Tuesday, March 21, 2017

Carlsbad Leaders Use Alternative Facts to Bring Big Brother to the City

Fifty-one stationary cameras, in 14 locations, together with six mobile devices added to the ones already installed on two police cars, will soon capture the license plate numbers of all cars passing through the Carlsbad. They’ll be submitted to a national database that tracks stolen vehicles and those involved in crimes.

At its March 14 meeting, on a 4 to 1 vote, the Carlsbad city Council approved the $802,000 plan to conduct surveillance of residents and non-residents alike.

The justification for placing everyone under suspicion until they're cleared in cyberspace was driven by a misleading police report on the city’s crime rate. Only newly-elected Council member Cori Schumacher challenged the numbers and the threat to privacy rights.

Schumacher asked Capt. Mickey Williams to describe the scope of images the cameras will capture. He said the focus would be on license plate numbers, but would also include the make and model of the car. When pressed, he conceded drivers’ faces might be caught as well.

Williams said a two-year crime rate increase, together with a Police Department study that found three fourths of those arrested were non-Carlsbad residents were the primary reasons to spend nearly $1 million on the license plate reader technology.

Only after being questioned by Schumacher did Williams provide the numbers to back up hisclaim of a rise in crime. He compared the number of crimes reported in calendar years 2015 and 2016. In calendar year 2015 he pointed to an overall increase of 19 percent in total crimes. In 2016 there was a four percent increase.

But a more accurate picture can be found by tracking the number of crimes over the last 24 months, from March 2015 through February 2017. During that period the number of crimes declined by six percent.

Pressed once again by Schumacher, Williams agreed the number of crimes reported in calendar year 2014 was among the lowest on record. That statistical outlier exaggerates the growth in crime in a single year. My numbers come from the same source Williams cited, ARJIS, the Automated Regional Justice Information System.

The mayor, who has already filed with the city his Matt Hall for Mayor 2018 Committee, carrying forward the $50,000 campaign war chest remaining from his 2014 election, coached Williams to agree with him that the alleged rise in crime was caused by California’s early release felons residing in and around Carlsbad.

Mayor Hall: “Any information on early release individuals in or about this area?”

Williams: “I can’t give you a number, but anecdotally officers say there’s been an increase in the city. But the actual number is relatively low.”

Hall: “You also said that most criminals are from outside the city. How many early release prisoners are in San Diego County?”

Williams: “I can’t say. The number is constantly changing.”

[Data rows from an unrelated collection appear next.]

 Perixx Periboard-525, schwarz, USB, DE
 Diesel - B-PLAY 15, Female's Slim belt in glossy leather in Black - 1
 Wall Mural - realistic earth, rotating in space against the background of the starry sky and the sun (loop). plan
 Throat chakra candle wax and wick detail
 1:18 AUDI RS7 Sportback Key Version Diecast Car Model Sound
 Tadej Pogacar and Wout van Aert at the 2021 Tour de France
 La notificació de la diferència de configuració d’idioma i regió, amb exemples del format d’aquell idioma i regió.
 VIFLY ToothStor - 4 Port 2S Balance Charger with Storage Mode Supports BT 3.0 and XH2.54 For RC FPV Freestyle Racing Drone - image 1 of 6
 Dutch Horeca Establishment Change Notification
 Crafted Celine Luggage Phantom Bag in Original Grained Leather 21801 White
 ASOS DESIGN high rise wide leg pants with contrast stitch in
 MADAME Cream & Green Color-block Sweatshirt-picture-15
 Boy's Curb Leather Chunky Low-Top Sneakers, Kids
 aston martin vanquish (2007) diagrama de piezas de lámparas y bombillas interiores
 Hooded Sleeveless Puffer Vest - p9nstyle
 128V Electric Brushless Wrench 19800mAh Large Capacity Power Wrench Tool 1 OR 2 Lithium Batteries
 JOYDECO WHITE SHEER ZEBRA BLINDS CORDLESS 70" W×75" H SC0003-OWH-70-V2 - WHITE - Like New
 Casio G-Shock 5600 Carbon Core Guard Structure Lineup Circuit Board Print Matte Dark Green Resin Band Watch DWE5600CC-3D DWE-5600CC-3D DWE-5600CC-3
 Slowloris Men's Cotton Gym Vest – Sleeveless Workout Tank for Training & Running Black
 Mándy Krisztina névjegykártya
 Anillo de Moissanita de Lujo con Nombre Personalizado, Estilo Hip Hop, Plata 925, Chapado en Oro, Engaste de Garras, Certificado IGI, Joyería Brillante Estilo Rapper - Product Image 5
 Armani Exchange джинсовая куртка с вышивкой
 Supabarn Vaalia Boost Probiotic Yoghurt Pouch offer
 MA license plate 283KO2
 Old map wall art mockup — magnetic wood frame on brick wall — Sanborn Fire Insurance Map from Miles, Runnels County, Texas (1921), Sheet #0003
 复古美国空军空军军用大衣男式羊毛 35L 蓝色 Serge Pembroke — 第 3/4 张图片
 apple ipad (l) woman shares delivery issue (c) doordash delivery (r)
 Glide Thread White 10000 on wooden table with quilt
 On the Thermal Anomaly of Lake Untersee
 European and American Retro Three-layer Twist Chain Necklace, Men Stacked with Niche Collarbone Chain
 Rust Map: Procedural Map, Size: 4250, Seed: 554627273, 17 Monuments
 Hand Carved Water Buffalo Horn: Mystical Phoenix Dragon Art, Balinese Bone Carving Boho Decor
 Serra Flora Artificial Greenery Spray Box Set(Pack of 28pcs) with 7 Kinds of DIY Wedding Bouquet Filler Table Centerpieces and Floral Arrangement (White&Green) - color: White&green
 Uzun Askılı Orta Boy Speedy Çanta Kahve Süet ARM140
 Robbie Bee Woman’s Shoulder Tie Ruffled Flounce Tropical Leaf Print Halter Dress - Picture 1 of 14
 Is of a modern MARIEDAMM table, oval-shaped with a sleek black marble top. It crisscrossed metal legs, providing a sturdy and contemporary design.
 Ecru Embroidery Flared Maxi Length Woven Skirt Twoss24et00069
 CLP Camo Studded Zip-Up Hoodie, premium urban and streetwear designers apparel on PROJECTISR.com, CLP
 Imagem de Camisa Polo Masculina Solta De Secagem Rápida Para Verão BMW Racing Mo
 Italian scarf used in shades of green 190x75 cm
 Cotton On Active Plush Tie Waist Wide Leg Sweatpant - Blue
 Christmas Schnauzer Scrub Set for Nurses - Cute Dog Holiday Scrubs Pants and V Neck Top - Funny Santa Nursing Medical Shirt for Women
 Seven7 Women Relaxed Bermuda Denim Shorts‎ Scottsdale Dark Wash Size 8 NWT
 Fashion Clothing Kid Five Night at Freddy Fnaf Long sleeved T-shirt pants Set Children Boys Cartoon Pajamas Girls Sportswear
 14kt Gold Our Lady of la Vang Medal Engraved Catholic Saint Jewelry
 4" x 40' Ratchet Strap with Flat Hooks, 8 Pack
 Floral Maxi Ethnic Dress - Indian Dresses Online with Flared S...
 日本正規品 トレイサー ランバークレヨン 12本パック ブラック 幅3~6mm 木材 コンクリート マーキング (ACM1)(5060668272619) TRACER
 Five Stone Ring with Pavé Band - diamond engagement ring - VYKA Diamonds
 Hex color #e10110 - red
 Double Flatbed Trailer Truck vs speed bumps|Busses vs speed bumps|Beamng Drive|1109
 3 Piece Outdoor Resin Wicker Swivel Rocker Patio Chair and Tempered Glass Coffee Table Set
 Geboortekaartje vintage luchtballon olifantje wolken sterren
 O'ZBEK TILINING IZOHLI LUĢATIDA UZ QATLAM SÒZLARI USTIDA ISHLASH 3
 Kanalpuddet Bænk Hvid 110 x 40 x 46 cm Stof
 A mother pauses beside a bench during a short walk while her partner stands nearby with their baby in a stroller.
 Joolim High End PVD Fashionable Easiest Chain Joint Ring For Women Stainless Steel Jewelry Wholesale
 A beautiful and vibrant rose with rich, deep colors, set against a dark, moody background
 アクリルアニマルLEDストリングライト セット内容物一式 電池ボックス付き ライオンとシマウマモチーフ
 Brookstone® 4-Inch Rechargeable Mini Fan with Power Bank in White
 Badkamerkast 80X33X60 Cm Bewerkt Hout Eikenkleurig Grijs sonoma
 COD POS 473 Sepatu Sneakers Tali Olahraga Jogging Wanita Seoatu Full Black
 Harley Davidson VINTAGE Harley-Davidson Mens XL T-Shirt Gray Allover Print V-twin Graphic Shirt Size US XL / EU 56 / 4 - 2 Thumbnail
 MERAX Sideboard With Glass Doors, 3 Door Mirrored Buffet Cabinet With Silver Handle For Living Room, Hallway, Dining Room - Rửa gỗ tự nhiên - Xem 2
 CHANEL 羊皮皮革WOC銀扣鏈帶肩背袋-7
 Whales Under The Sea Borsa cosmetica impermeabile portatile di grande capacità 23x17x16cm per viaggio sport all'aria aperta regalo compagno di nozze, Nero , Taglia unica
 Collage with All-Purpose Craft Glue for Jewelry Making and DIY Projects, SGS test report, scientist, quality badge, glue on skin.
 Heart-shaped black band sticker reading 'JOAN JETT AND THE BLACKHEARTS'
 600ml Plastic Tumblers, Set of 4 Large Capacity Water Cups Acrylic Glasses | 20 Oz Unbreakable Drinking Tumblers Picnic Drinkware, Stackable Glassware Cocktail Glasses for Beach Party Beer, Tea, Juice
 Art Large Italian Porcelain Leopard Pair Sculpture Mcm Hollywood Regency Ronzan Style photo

Hall: “But it is significant?”

Williams “Yes, and there are theories it’s affected the crime rate.”

Hall: “There is a direct correlation.”

Williams: “Yes.”

Hall’s questions, and Williams’s answers, suggest neither has read the latest study of California’s prison release program, “Mass reduction of California prison population didn’t cause rise in crime, two studies find,” (Washington Post, Tom Jackman, May 18, 2016) “Criminology professors Jody Sundt, Emily J. Salisbury and Mark G. Harmon, found that an astounding 17 percent reduction in the size of the California prison population, had no effect on aggregate rates of violent or property crime.”

The mayor also fails to distinguish between correlation and causation. There’s a direct correlation, for example, between the beating of drums and the reappearance of the sun after a total eclipse.
Hall has no evidence to support his claim that ex-cons living in or around the city have caused a rise in crime. He’s just beating his drum of preconceived notions.

To his credit, Council member Mark Packard asked Williams, “Do you have data on how these cameras have solved crimes?”

Williams replied, “We don’t have that data, what we do know from our discussions with agencies that have these is that they’re able to intercept criminals before crimes have occurred.”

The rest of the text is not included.